Set up your Google Cloud project, activate the Cloud TPU API, and create a service account by following the instructions in Set up the Cloud TPU environment.

Create a TPU

The following steps show how to create a TPU VM, which will serve your model.

  1. Create environment variables:

    export PROJECT_ID=PROJECT_ID
    export ACCELERATOR_TYPE=ACCELERATOR_TYPE
    export ZONE=ZONE
    export RUNTIME_VERSION=v2-alpha-tpuv5-lite
    export SERVICE_ACCOUNT=SERVICE_ACCOUNT
    export TPU_NAME=TPU_NAME
    export QUEUED_RESOURCE_ID=QUEUED_RESOURCE_ID
    

    Environment variable descriptions

    PROJECT_ID
    The ID of your Google Cloud project.
    ACCELERATOR_TYPE
    The accelerator type specifies the version and size of the Cloud TPU you want to create. Different Llama 2 model sizes have different TPU size requirements:
    • 7B: v5litepod-4 or larger
    • 13B: v5litepod-8 or larger
    • 70B: v5litepod-16 or larger
    ZONE
    The zone where you want to create your Cloud TPU.
    SERVICE_ACCOUNT
    The service account you want to attach to your Cloud TPU.
    TPU_NAME
    The name for your Cloud TPU.
    QUEUED_RESOURCE_ID
    An identifier for your queued resource request.
  2. Set the project ID and zone in your active Google Cloud CLI configuration:

    gcloud config set project $PROJECT_ID  && gcloud config set compute/zone $ZONE
    
  3. Create the TPU VM:

    gcloud alpha compute tpus queued-resources create ${QUEUED_RESOURCE_ID} \
      --node-id ${TPU_NAME} \
      --project ${PROJECT_ID} \
      --zone ${ZONE} \
      --accelerator-type ${ACCELERATOR_TYPE} \
      --runtime-version ${RUNTIME_VERSION} \
      --service-account ${SERVICE_ACCOUNT}
    
  4. Check that the TPU is active:

    gcloud compute tpus queued-resources list --project $PROJECT_ID --zone $ZONE
    

Set up checkpoint conversion node

To run the LLama models on a SAX cluster, you need to convert the original Llama checkpoints to a SAX-compatible format.
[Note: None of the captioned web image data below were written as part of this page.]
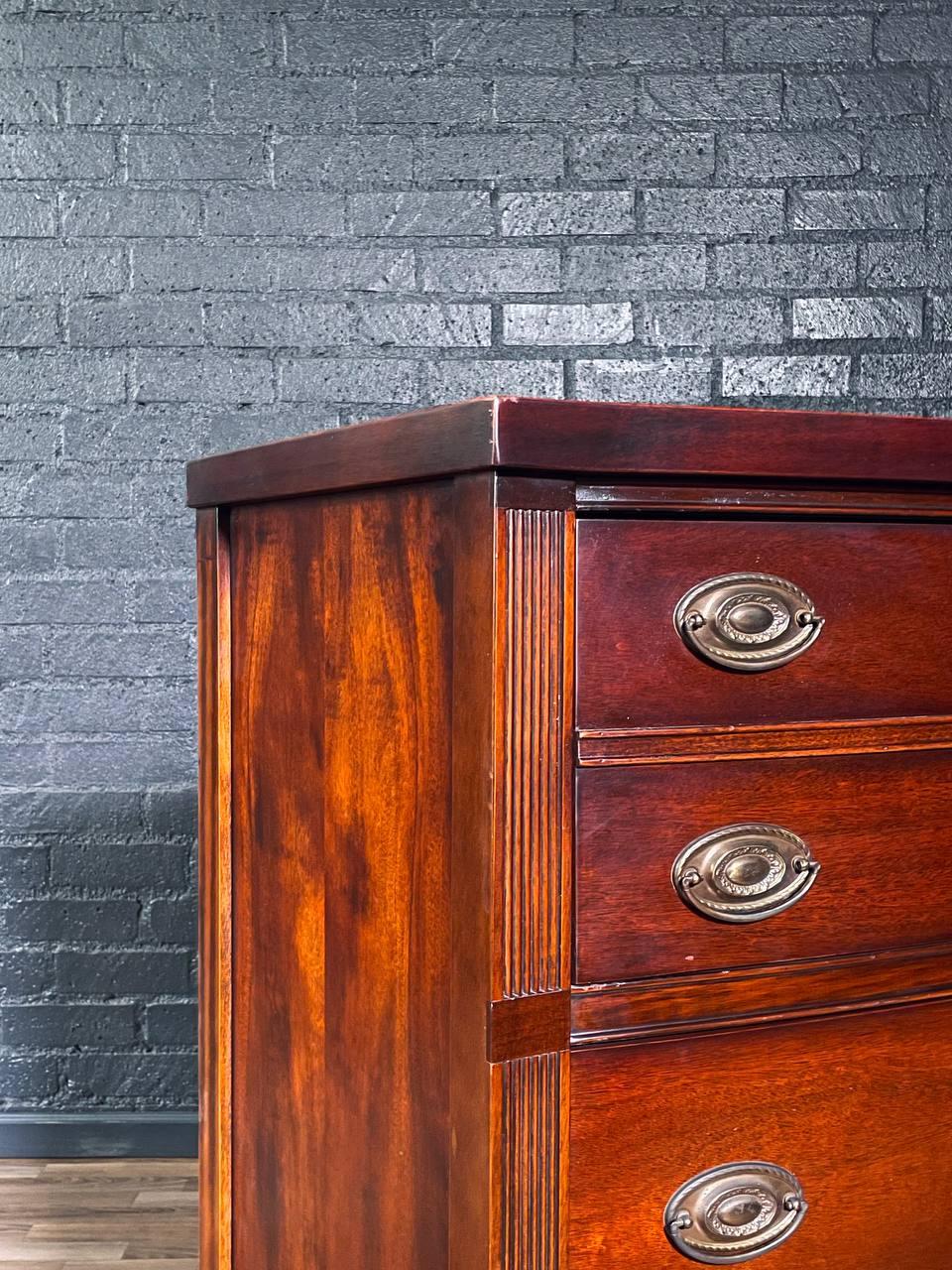 Vintage Federal Revival Mahogany Highboy Dresser w/ Brass Pulls For Sale 1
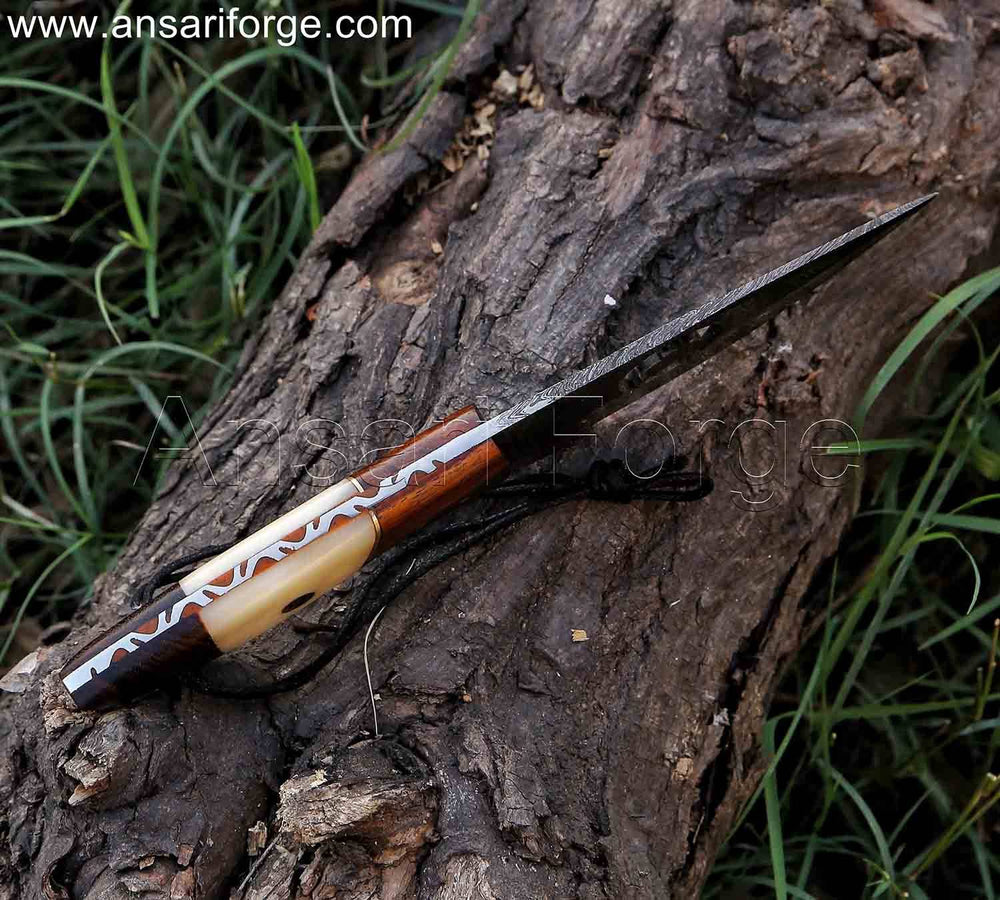 Hunter's Edge Damascus Skinning Knife - Hand-forged Damascus steel blade with fire pattern for exceptional sharpness.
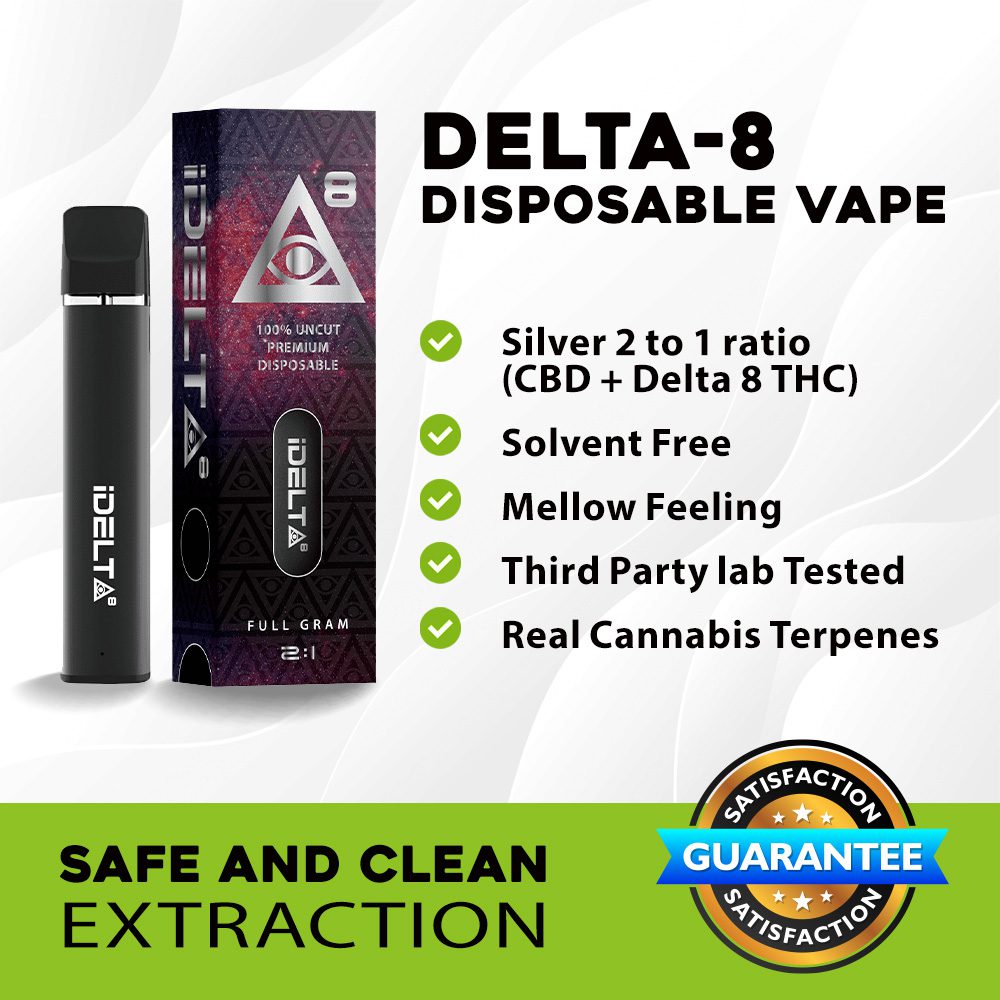 iDELTA8 Silver – Disposable Delta 8 Vape Pen + CBD 1 and 2 Gram 2:1 Best Price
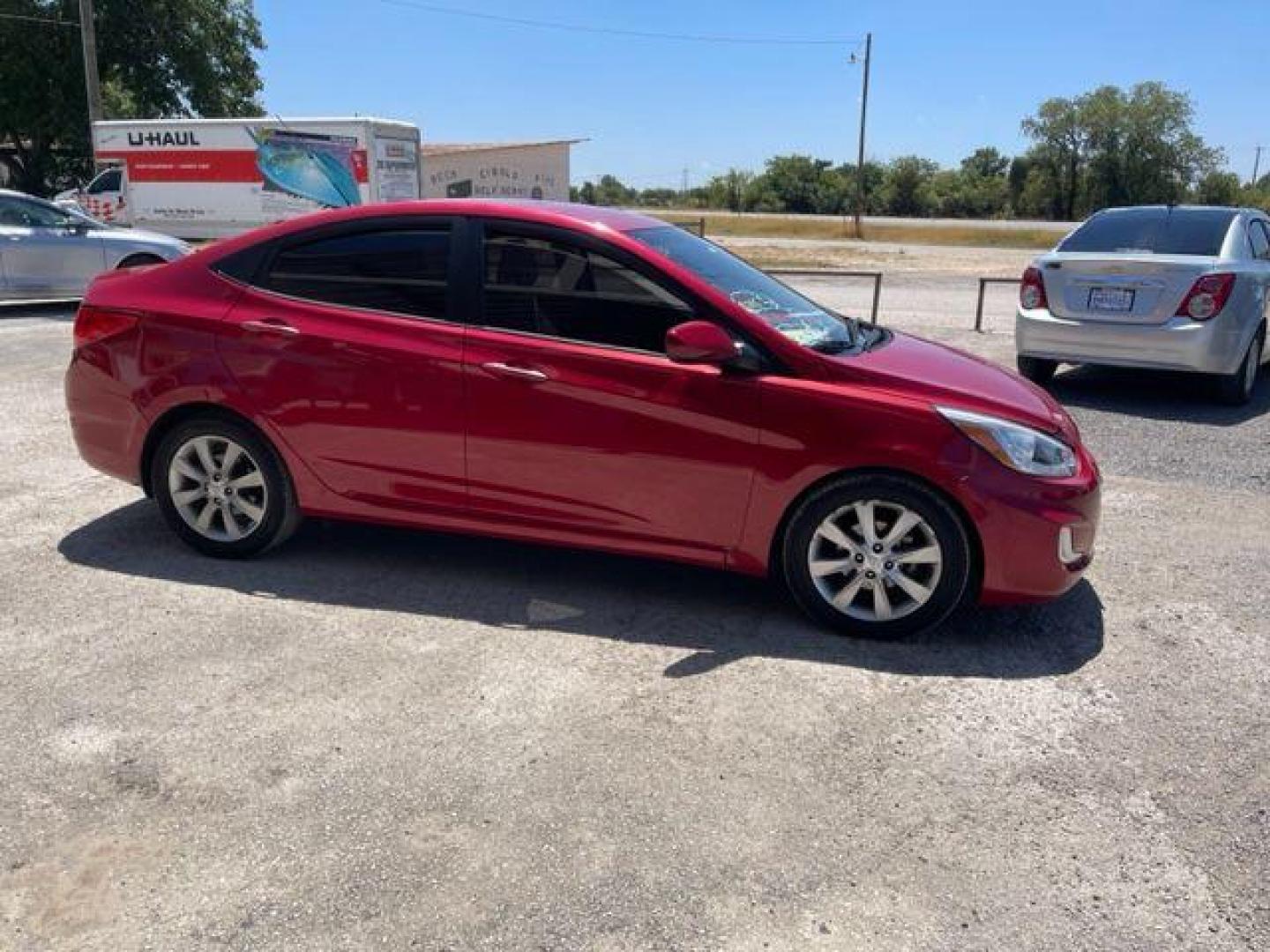 2014 RED HYUNDAI ACCENT GLS (KMHCU4AE8EU) with an 1.6L engine, Automatic transmission, located at 124 Elm St., Cibolo, TX, 78108, (210) 658-3118, 29.559427, -98.232384 - Photo#6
The conversion requires significant memory resources, depending on the model size:

Model Machine type
7B 50-60 GB memory
13B 120 GB memory
70B 500-600 GB memory (N2 or M1 machine type)

For the 7B and the 13B model, you can run the conversion on the TPU VM. For the 70B model, you need to create a Compute Engine instance with approximately 1TB of disk space:

gcloud compute instances create INSTANCE_NAME --project=$PROJECT_ID --zone=$ZONE \
  --machine-type=n2-highmem-128 \
  --network-interface=network-tier=PREMIUM,stack-type=IPV4_ONLY,subnet=default \
  --maintenance-policy=MIGRATE --provisioning-model=STANDARD \
  --service-account=$SERVICE_ACCOUNT \
  --scopes=https://www.googleapis.com/auth/cloud-platform \
  --tags=http-server,https-server \
  --create-disk=auto-delete=yes,boot=yes,device-name=bk-workday-dlvm,image=projects/ml-images/global/images/c0-deeplearning-common-cpu-v20230925-debian-10,mode=rw,size=500,type=projects/$PROJECT_ID/zones/$ZONE/diskTypes/pd-balanced \
  --no-shielded-secure-boot \
  --shielded-vtpm \
  --shielded-integrity-monitoring \
  --labels=goog-ec-src=vm_add-gcloud \
  --reservation-affinity=any

Whether you use a TPU or Compute Engine instance as your conversion server, set up your server to convert the Llama 2 checkpoints:

  1. For the 7B and the 13B model, set the server name environment variable to the name of your TPU:

    export CONV_SERVER_NAME=$TPU_NAME
    

    For the 70B model, set the server name environment variable to the name of your Compute Engine instance:

    export CONV_SERVER_NAME=INSTANCE_NAME
    
  2. Connect to the conversion node using SSH.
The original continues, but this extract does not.